# Make or Break in Malaysia



## Amongow (Mar 11, 2014)

Hey all,

I've been lurking but it's time to make my first post and jump in. As my name suggests I am no stranger to Malaysia, I've moved there on three separate occasions I've otherwise been in Canada and I want to move back because I love Malaysia, I miss it and feel as though I belong there. 

I'm heading over this fall/September, I enjoy the luxury of being able to work remotely but this doesn't pay all of the bills and I have to meet my clients face to face from time to time which is outrageously expensive to fly back for. My standard of living requirements are minimal, a cellphone, desk & internet. There's a lot to figure out if I'm to make this happen.

I hope to meet as many of you as I can, all ages and experiences so please feel free to touch base and share stories.

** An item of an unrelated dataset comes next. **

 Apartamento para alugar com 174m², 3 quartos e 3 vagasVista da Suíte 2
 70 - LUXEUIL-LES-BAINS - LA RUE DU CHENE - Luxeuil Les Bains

I hope to become friends, meet for drinks when I get there and selfishly I hope to also make connections for employment visa sponsorship or for more creative endeavours such as selling Poutine in the hawker stalls (Canadian). 

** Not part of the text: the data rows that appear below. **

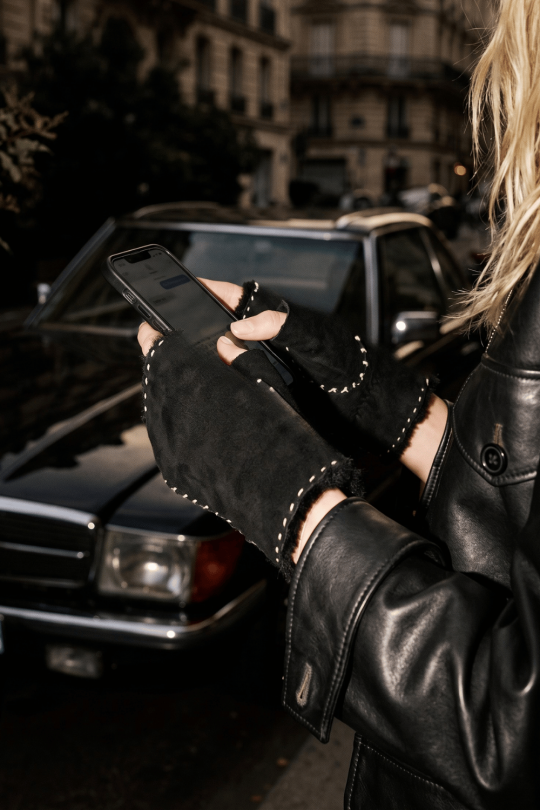 AGNELLE Alix Shearling Fingerless Mitten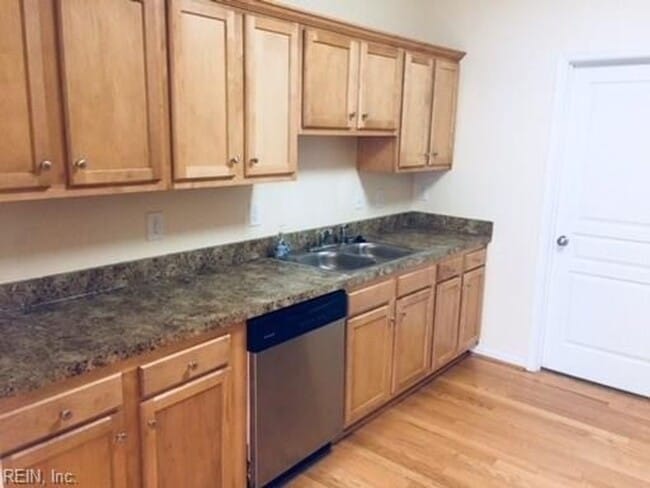 Building Photo - Fairmount East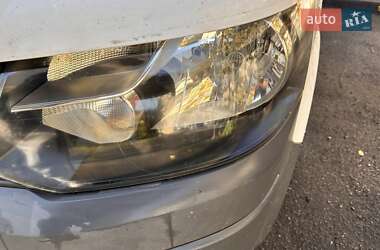 Volkswagen Transporter  2011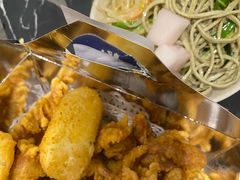 -沸炉重庆老火锅(军事博物馆店)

Thanks for reading this far and I look forward to making friends and being an active member of this community!

Amongow


----------



## anonserg (May 13, 2014)

Hi Amongow

Welcome to the forum!
Not to dampen your spirit but the reality is, it's kinda hard to get employment visa sponsorship in this country. The minimum salary has to be more than RM5000 (+/- CAD1500) and the right industry (usually IT and oil& gas has better chance) so it is not really up to the employer rather it's the authority (govt) but you may never know luck could be on your side.

To open a business in Malaysia for foreigner you need to have a local as a partner. There are many things to consider especially entering the F&B industry in KL, you can find a lot more of that all over the internet.

Good luck on your endeavour!

PS: I saw you are from Toronto but assuming u speak french, maybe u can start by finding a job in KL branch of Alliance Francaise?


----------



## Amongow (Mar 11, 2014)

Thanks Anonserg,

I actually have friends in the F&B industry, small shops like hawker stalls. As a foreigner would I be able to partner with them to open up another? Non Bumi but Chinese and a Malay. I wonder if that is too small an investment and if that would change my visa or in/out privileges. 

Thanks,





anonserg said:


> Hi Amongow
> 
> 
> 
> ...


----------



## anonserg (May 13, 2014)

Hi again,

A Malay is automatically a bumiputera (native) in Malaysia 

However the nature of your business sounds too small to get an approval.
For F&B industry, the govt is very strict as to protect the local businesses. Unless it's a super exclusive outlet and you are one of the big shareholders, it is rather hard to go through.

Have you tried talking to your Malaysian friends? Perhaps they know more to help?


----------



## Amongow (Mar 11, 2014)

My Malaysian friends don't bother to know anything about expat ownership, they're too busy paying for their own stalls legitimately or not.

I've found a restaurateur from Australia struggling to expand into SE Asia with an exact business model to what I am hoping to achieve and running into the same stumbling blocks. His food service is Canadian and that's how I know him, how can we expand his established Australian franchise into Malaysia?


----------